=== Section Start ===

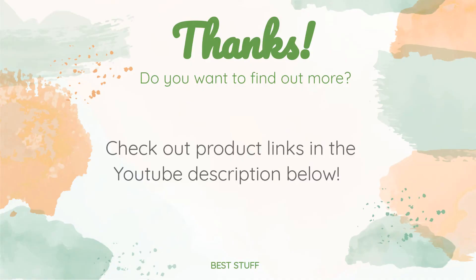Thanks for watching and hope you liked it. As always, all the links about the products will be in the description below, so if you want to find the best prices and more information that we might not get a chance to mention in the video, be sure to check them out.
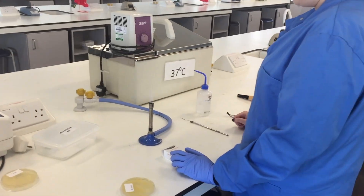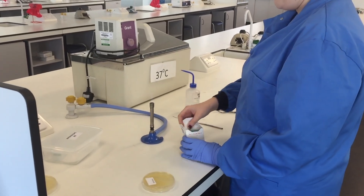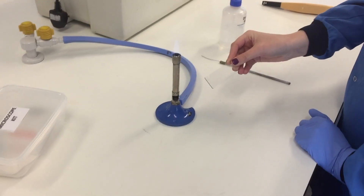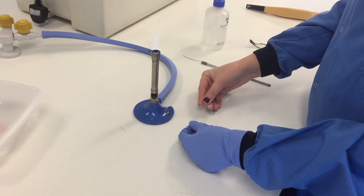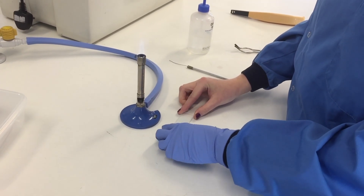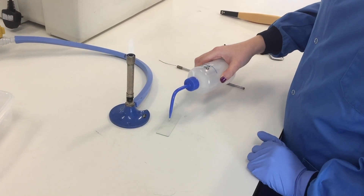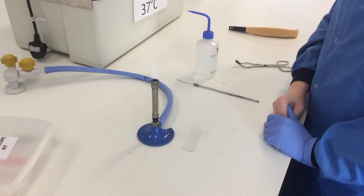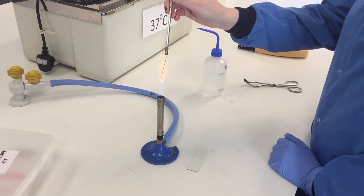She will get a single microscope slide from the box. Having acquired the single microscope slide, our demonstrator will now place a single drop of water, quite small, onto the slide. From this point, she will sterilize her inoculation loop using the center cone.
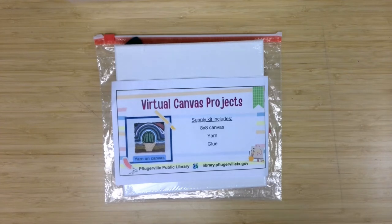Welcome to Canvas Projects, a virtual program offering from the Pflugerville Public Library. I'm Meg Miller, an Adult Services Librarian, here with another fun project geared to ages 12 and up for you to complete with the material supply kits. And for everyone else watching, we hope you give these techniques a try. This month's project is yarn on a canvas.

=== Section End ===

Retype all of the data above word for word, excluding the pictures.

Thanks for watching and hope you liked it. As always, all the links about the products will be in the description below, so if you want to find the best prices and more information that we might not get a chance to mention in the video, be sure to check them out.
She will get a single microscope slide from the box. Having acquired the single microscope slide, our demonstrator will now place a single drop of water, quite small, onto the slide. From this point, she will sterilize her inoculation loop using the center cone.
Welcome to Canvas Projects, a virtual program offering from the Pflugerville Public Library. I'm Meg Miller, an Adult Services Librarian, here with another fun project geared to ages 12 and up for you to complete with the material supply kits. And for everyone else watching, we hope you give these techniques a try. This month's project is yarn on a canvas.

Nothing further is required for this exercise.